I’m a big fan of Kate Atkinson’s Jackson Brodie crime novels. They are just so British. Behind the Scenes at the Museum came before them, it was Kate Atkinson’s very first novel. It is different from the Brodie books. You wouldn’t know they were written by the same author, except that they are both brilliantly written, humorous and quite dark.
Behind the Scenes at the Museum is narrated by Ruby, the youngest of three sisters, growing up in the 1950s in a family which doesn’t seem to care. The story charts her life right through to the 1990s. Ruby talks about her family and the many mishaps they endure. Sadly, rather a lot of them die along the way.
Every other chapter goes back in time to Ruby’s grandmother’s childhood (the grandmother appears as an old lady too). Over the years, the family is touched by plenty of tragedy and a load of extremely bad parenting by generations of women.
About three quarters of the way through the book, there is a big twist which totally shocked me and had me in buckets of tears. This made sense of a lot Ruby’s peculiar behaviour and the reasons for her mother treating her so badly.
This is a brilliant book, easy to read and entertaining and I would recommend it to anyone (although I did keep a page folded for reference to help me remember all of the family members!). A great Christmas present for anyone who enjoys reading. It’s a long book, but fast-moving and not too challenging.
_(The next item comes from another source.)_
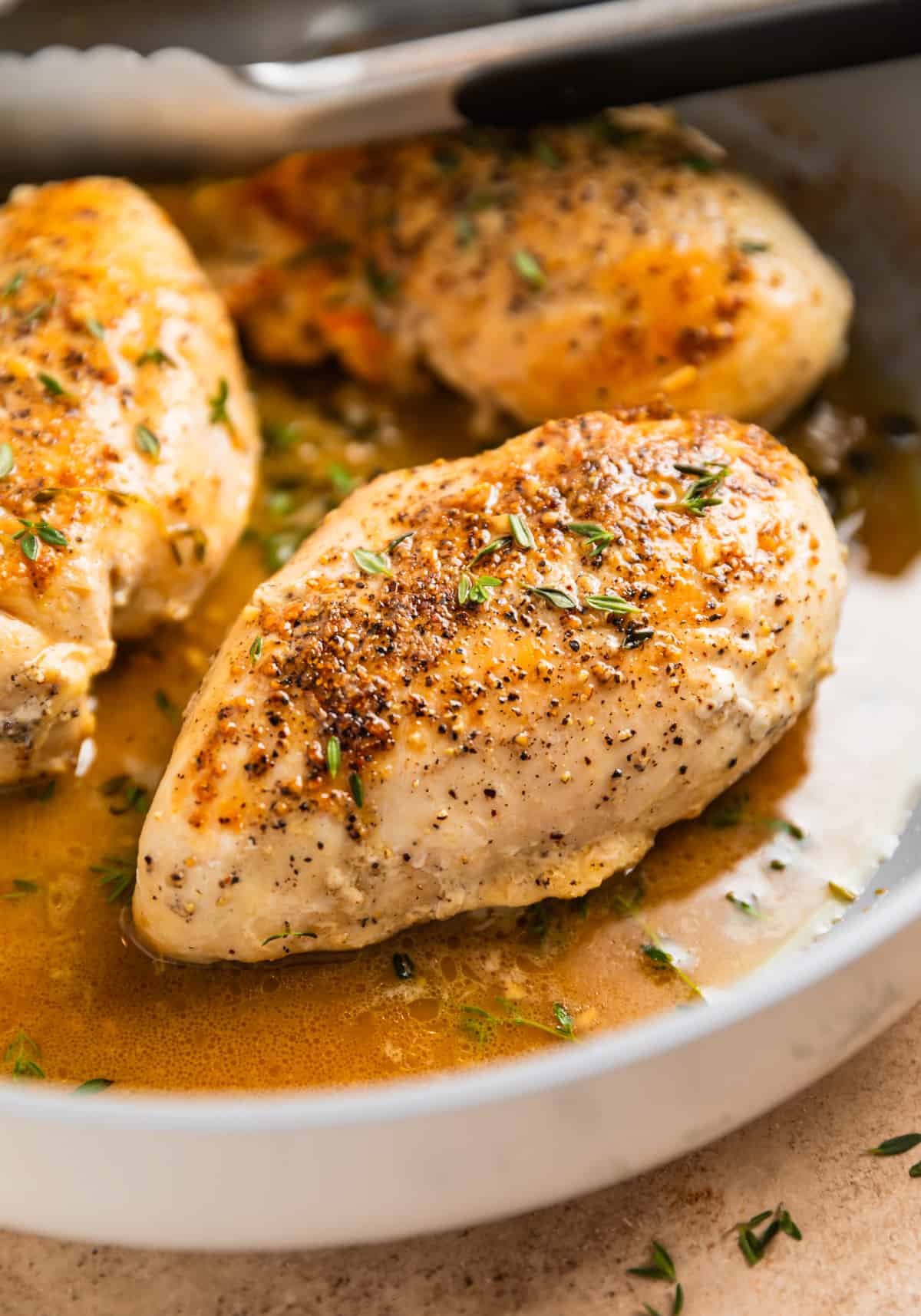 White wine chicken breasts in skillet topped with pepper and fresh thyme.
I asked other bloggers for reviews for books of all ages as part of our Christmas TRH Book Advent. Maybe slip a book into the advent for yourself – I’m sure some of the other books the children will want to read again and again anyway, or some of them may be too big for one sitting. I feel it’s important that we model the behaviour we want our children to do – so they really need to see you sitting down reading too (whether that’s with a book or a kindle etc).
As adults are very important people I thought that I would couple this with another important person – I like to call him Father Christmas but you can also call him Santa. We painted the toilet roll holder (TRH) black to represent his trousers and boots. We then cut a circle from white paper and drew on a smiley face and glued it on. Then simply we made a cone shape out of red paper and a red cloak too and attached them. Then glued on cotton wool for his beard and white bits around his hat.